Amherst, Bowdoin, Hampshire, Smith, and Williams colleges partnered with a subsidiary of NextEra Energy Resources, a leading clean energy company, to construct and operate one of the largest utility-scale solar power facilities currently in operation in New England. Each of the colleges purchases zero-carbon electricity from the Maine site to reduce carbon emissions from campus electricity use.
Competitive Energy Services, LLC acted as advisor to this group of higher education clients with the end goal of a joint renewable energy purchase. The group had similar goals for supporting the installation of additional renewable energy in New England, while minimizing financial risks. The partnership provides market access that would not have otherwise been available to each individual institution.
“After a successful solicitation process, CES and the Colleges ultimately selected this 76.5 MW solar PV project located in Farmington, ME. By committing to purchase 30% of the total generation from the project or 40,000 megawatt hours of renewable energy annually, the colleges move significantly closer to their climate-action goals, while supporting the development of new renewables in New England. Thanks to its close geographic proximity, the project also provides the schools with hedge value against their future electricity prices in New England,” said Andy Price, CES President & COO.

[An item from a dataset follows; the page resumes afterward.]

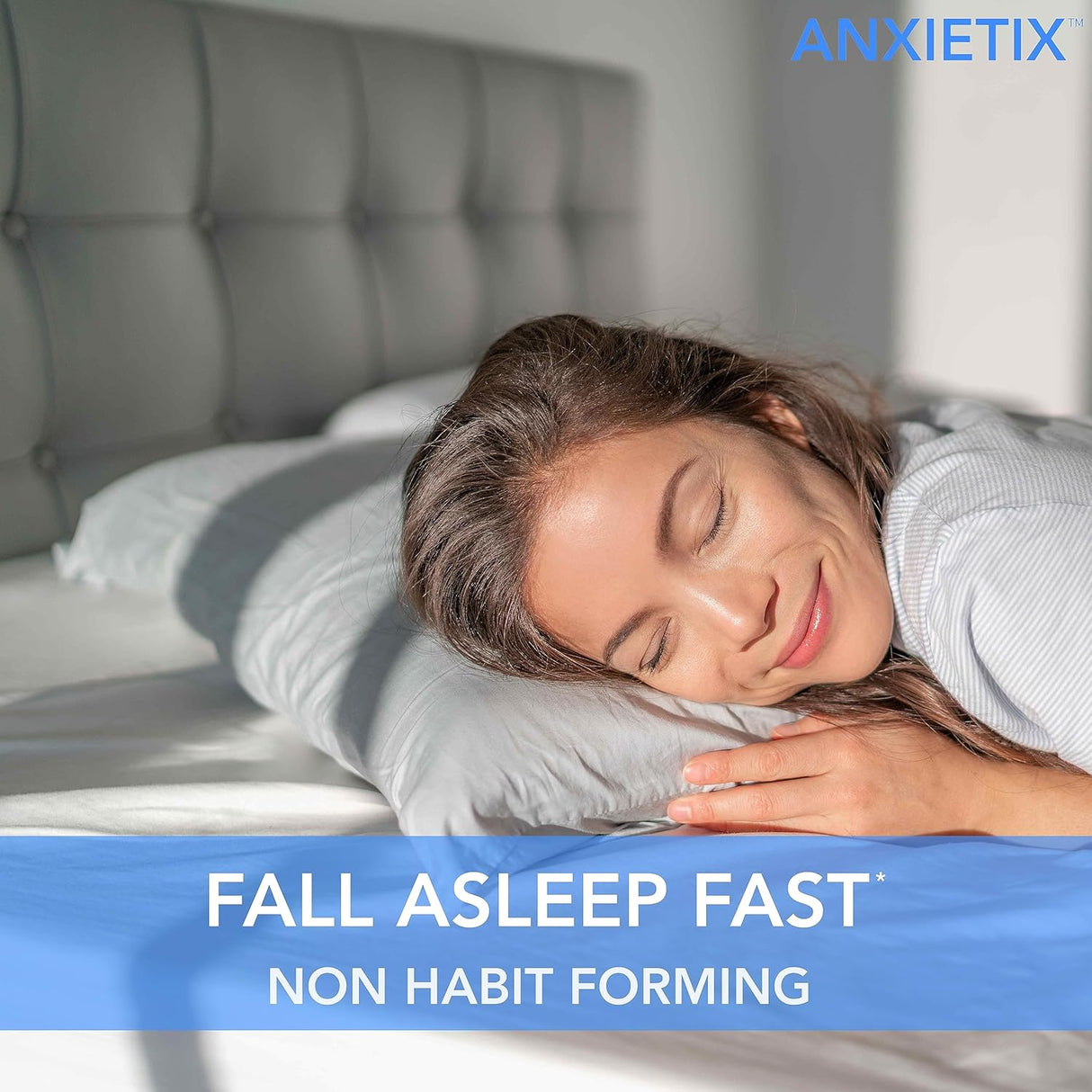 Calm Sleep Stress Gummies Melatonin L-Theanine 5-HTP Supplements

Working with the many stakeholders from all institutions - including sustainability committees, facilities staff, administrators, faculty, and students – was key to the success of the project. Through those collaborative sessions, all parties came to understand the sustainability and economic impacts, as well as how the project would fit into their larger sustainability agendas. To do this, the project had to be placed in context with alternative options, including on-site developments, future off-site opportunities, efficiency projects, and REC or offset purchases.

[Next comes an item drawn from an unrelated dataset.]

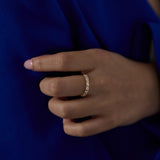Gleamstack Diamond Band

The New England College Renewable Partnership is innovative and impactful in several ways. The partnership facilitated the development of additional solar electricity generation in New England. It will have a significant sustainability impact, moving each of the five campuses closer to their climate-action goals. The project also helps each school manage costs by “locking in” the price of renewable electricity for the next 20 years. Most importantly, it provides market access that would not have been available to individual institutions, offering a scalable model that other colleges and universities can follow.